Disclosures in accordance with IAS 34.16A are shown in the financial statements and associated Notes in this information, in addition to pages 1–11 which form an integral part of this financial report.

All amounts in this report are stated in millions of Swedish kronor (SEKm) unless stated otherwise. Rounding variances may occur.

Information on future standards

A few standards and interpretations have been updated since January 1, 2024. These have had no impact on the preparation of these financial statements. None of the IFRS or IFRIC interpretations that are yet to come into force are expected to have any significant impact on the Group.

Note 2 - Estimations and assessments

The preparation of the Interim Report requires that the Company's management make assessments and estimates, as well as assumptions that affect the application of the accounting principles and the reported amounts of assets, liabilities, income and expenses. The actual outcome may differ from these estimates. Changes in estimates are recognised in the period in which the change occurs, if the change affected only that period, or in the period in which the change is made and future periods if the change affects both the current period and future periods.

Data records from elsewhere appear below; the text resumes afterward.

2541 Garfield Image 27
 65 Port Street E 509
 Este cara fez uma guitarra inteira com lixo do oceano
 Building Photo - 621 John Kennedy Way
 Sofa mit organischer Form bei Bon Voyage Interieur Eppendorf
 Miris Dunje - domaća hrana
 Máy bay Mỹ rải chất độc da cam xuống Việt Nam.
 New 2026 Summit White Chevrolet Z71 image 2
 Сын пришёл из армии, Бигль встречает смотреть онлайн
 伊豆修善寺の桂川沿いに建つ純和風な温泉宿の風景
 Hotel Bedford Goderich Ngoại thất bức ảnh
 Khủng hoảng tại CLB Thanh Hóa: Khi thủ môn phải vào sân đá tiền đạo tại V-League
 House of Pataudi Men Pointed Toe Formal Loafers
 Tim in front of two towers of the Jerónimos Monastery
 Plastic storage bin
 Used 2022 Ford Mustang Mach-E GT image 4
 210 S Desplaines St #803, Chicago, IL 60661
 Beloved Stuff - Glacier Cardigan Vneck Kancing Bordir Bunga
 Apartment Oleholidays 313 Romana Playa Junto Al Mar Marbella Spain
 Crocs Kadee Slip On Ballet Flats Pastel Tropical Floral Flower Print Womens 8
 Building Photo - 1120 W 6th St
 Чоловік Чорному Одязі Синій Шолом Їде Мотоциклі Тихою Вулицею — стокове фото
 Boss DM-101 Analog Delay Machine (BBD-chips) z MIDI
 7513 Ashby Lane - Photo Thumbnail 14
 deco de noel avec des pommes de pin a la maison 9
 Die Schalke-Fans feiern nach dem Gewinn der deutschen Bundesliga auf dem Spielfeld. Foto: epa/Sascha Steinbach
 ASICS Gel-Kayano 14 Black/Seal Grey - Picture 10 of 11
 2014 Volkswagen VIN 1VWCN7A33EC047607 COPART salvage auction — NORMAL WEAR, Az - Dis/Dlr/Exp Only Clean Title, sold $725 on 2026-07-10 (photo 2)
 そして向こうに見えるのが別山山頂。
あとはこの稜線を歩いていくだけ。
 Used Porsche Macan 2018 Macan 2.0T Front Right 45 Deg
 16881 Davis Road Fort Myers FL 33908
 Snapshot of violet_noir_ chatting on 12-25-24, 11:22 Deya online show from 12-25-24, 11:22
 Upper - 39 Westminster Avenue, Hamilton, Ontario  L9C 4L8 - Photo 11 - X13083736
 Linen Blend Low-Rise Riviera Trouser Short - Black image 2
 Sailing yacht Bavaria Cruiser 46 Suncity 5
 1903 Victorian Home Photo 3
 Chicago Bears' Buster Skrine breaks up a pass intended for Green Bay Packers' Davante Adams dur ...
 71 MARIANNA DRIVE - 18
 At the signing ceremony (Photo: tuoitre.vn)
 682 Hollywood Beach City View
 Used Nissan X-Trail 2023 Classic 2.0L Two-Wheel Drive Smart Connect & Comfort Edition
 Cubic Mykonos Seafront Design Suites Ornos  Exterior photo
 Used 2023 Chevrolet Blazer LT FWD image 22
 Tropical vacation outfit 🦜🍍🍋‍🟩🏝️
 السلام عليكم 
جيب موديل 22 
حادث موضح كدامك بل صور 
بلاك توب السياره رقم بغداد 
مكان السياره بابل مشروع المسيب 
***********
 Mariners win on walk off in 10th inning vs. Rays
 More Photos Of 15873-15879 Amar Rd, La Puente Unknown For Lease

Important estimations and assessments can be found in Note 2 in the 2023 Annual Report. No changes have been made to these estimations and assessments that could have a significant impact on the interim report.

Note 3 – Revenue

The Group's revenue consists of the sale of goods via the Group's websites and, until the end of 2023, a physical store (reported among other revenues under the Segment "Other, Sweden"). Revenue is reported at a given point in time due to the fact that the conditions for control being transferred over time are not met. In addition to the segments, geographical area is also an important attribute when specifying revenue, and this is presented in the table below.

Jan-Mar Apr 2023- Jan-Dec
SEKm 2024 2023 Mar 2024 2023
Sweden 16 16 91 91
Other Nordics 18 19 100 100
Outside the Nordics 183 173 772 761
Revenue Offroad 217 207 962 952
Sweden 18 16 87 86
Other Nordics 30 27 145 142
Outside the Nordics 59 59 267 268
Revenue Onroad 106 102 500 496
Sweden 16 18 47 49
Other Nordics 16 17 39 40
Outside the Nordics
Revenue Other 32 35 86 89
Sweden 50 51 224 225
Other Nordics 64 62 284 283
Outside the Nordics 242 232 1,039 1,029
Revenue Group 356 345 1,548 1,537

Note 4 - Segment reporting

Jan-Mar Apr 2023- Jan-Dec
SEKm 2024 2023 Mar 2024 2023
Offroad 217 207 962 952
Onroad 106 102 500 496
Other 32 35 86 89
Net revenue 356 345 1,548 1,537
Offroad 104 86 412 393
Onroad 42 37 184 178
Other 16 14 38 37
Intra-group costs 0 0 -1 -1
Gross profit 162 137 632 607
Offroad -48 -46 -207 -205
Onroad -25 -26 -121 -122
Other -8 -11 -20 -23
Variable sales and distribution costs¹ -80 -83 -348 -351
Offroad 56 40 205 188
Onroad 18 10 63 55
Other 8 3 18 14
Intra-group costs 0 0 -1 -1
Profit after variable costs¹ ² 82 54 285 256
Other expenses in the operation¹ ³ -75 -75 -367 -367
Operating profit 7 -21 -82 -111
Financial net³ 18 8 23 13
Pre-tax income 26 -13 -60 -98

¹ Alternative performance measures (APM), see pages 21-23 for definitions and purpose of these measurements.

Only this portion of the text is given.